Christmas activity of the day #1

This morning we went to the stake primary party (to practice our songs for the stake sing-along tomorrow evening), only we drove to the stake center instead of the Lawrenceville building...so we ended up being 15 minutes late to the party. 

First of all, I have to commend whichever ward's Christmas party we stumbled into—because the stake center was a hip-hop-happening place! They were having a pancake breakfast (which smelled delicious, but was a sign we were in the wrong place) and they had a cookie decorating station set up (a sign that we were perhaps in the right place) and all sorts of fun things going on. Noticing our confusion (and general not-quite-fitting-in demeanor), someone came up to us and asked us if we meant to be at the ward party or the stake primary party.

The latter! 

They invited us to join them, said they'd love to have us, and had plenty of everything to go around...but also pulled up the email about the primary party so they could verify the details for us. 

So nice of them...and entirely our bad. We should have read more carefully.

We arrived at the right building fashionably late, but it didn't even matter because—let me tell you—my hat is off to this primary presidency. They plan the sweetest little activities. It honestly doesn't matter if you're 15 minutes late because you've missed nothing. They typically have little rooms set up for the kids to filter through at will. However long the kids are engaged in the activity is how long they're welcome to stay in the room. So if you're late, you just hop in somewhere and start having fun. It works very well! Especially, I think, for a situation like ours where people are sometimes travelling quite a distance to be there...and/or then drive to the wrong building first.

Today they had a little crafting room where the kids put together an ornament of Baby Jesus:



They had a cookie decorating room with gingerbread to decorate and lots of other snacks (including the promised hot chocolate—this event was touted as "Cookies, Cocoa, and Carols"). 

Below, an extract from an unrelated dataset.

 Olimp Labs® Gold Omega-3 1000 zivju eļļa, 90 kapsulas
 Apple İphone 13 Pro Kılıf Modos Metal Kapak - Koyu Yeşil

Then they had some game rooms set up. One seemed to be a snowball throwing game (the room was full of pompoms) and another was drop-in bingo (you could stay to play until you got bingo—the kids had little Christmas stamps they could use on their papers). It was a great time!

Toward the end they gathered all the children to practice singing the songs they'll be singing tomorrow and...yeah! It was a lovely morning. 

When I thanked Sister Branum for her wonderful planning, she explained that she has some extremely shy children who take a while to get into activities and get flustered when they're told to stop and move on, so that's why she goes for more of an "open concept" rather than a station-based model or something. It's great and has worked well the last few activities we've gone to.

1 comment:

  1. Wow! Great idea! To just let stay as long as they want to. Now that I am reading about it, it seems like a no-brainer, and yet is a totally new idea to me! (From your dear mother.)